Specifying configuration file

Path to a configuration module can be specified using --config option or MSCHEMATOOL_CONFIG environment variable:

$ export MSCHEMATOOL_CONFIG=./config_tutorial.py

(again, it's better to use an absolute path so the mschematool command will work from any directory).

Tutorial

The tutorial uses the configuration with PostgreSQL databases, listed above (the usage of a Cassandra database looks identical, except .sql file extension should be replaced with .cql). The commands will work when executed from example subdirectory of the repository and when config_tutorial.py is specified as the configuration.

Assuming the mtutorial Postgres database is created, we first need to initialize it - create the table migration for storing names of executed migrations.

$ mschematool default init_db

All commands are specified this way - the first argument is a "dbnick" from a config, the second is an actual command (run mschematool --help to see a short summary of commands).

Now given that we have a few migration files:

$ ls migrations 
m20140615132455_create_article.sql
m20140615133521_add_column_author.sql
m20140615135414_insert_data.py

we want to execute ("sync") them. But let's first check what the tool thinks is not executed yet:

$ mschematool default to_sync
m20140615132455_create_article.sql
m20140615133521_add_column_author.sql
m20140615135414_insert_data.py

Ok, so it sees all the migrations, so let's execute some SQL and Python:

$ mschematool default sync   
Executing m20140615132455_create_article.sql
Executing m20140615133521_add_column_author.sql
Executing m20140615135414_insert_data.py

And now no migration should be waiting for an execution:

$ mschematool default to_sync
$

sync command executes all migrations that weren't yet executed. To execute a single migration without executing all the other available for syncing, use force_sync_single:

$ mschematool default force_sync_single m20140615132455_create_article.sql

For more fine-grained control, the table migration can be modified manually. The content is simple:

$ psql mtutorial -c 'SELECT * FROM migration'
                 file                  |          executed          
---------------------------------------+----------------------------
 m20140615133521_add_column_author.sql | 2014-06-15 19:19:42.100535
 m20140615135414_insert_data.py        | 2014-06-15 19:19:42.101006
(2 rows)

Migrations

An SQL migration is a file with SQL statements. All statements are executed within a single database transaction. It means that when one of statements fail, all the changes made by previous statements are ROLLBACKed and a migration isn't recorded as executed.
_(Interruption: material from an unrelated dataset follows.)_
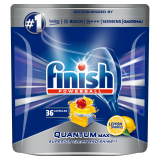 FINISH POWERBALL Quantum Kapsułki do zmywania Lemon cytrynowe 36 szt 1 szt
WARNING. Due to sqlite3 module behaviour Sqlite migrations might not work as described above.

A CQL migration (Apache Cassandra) is a file with CQL statements delimited with a ; character. When execution of a statement fails, a migration isn't recorded as executed, but changes made by previous statements aren't canceled (due to no support for transactions).

A Python migration is a file with migrate method that accepts a connection object:

  • for Postgres, it's a DBAPI 2.0 connection. When an exception does not happen during execution, COMMIT is issued on a connection, so it isn't necessary to call commit() inside migrate().
  • for Cassandra, it's a Cluster instance.

A migration is marked as executed when no exception is raised.

Example Postgres migrations

$ cat migrations/m20140615132455_create_article.sql
CREATE TABLE article (id int, body text);
CREATE INDEX ON article(id);

$ cat migrations/m20140615135414_insert_data.py 
def migrate(connection):
    cur = connection.cursor()
    for i in range(10):
        cur.execute("""INSERT INTO article (id, body) VALUES (%s, %s)""", [i, str(i)])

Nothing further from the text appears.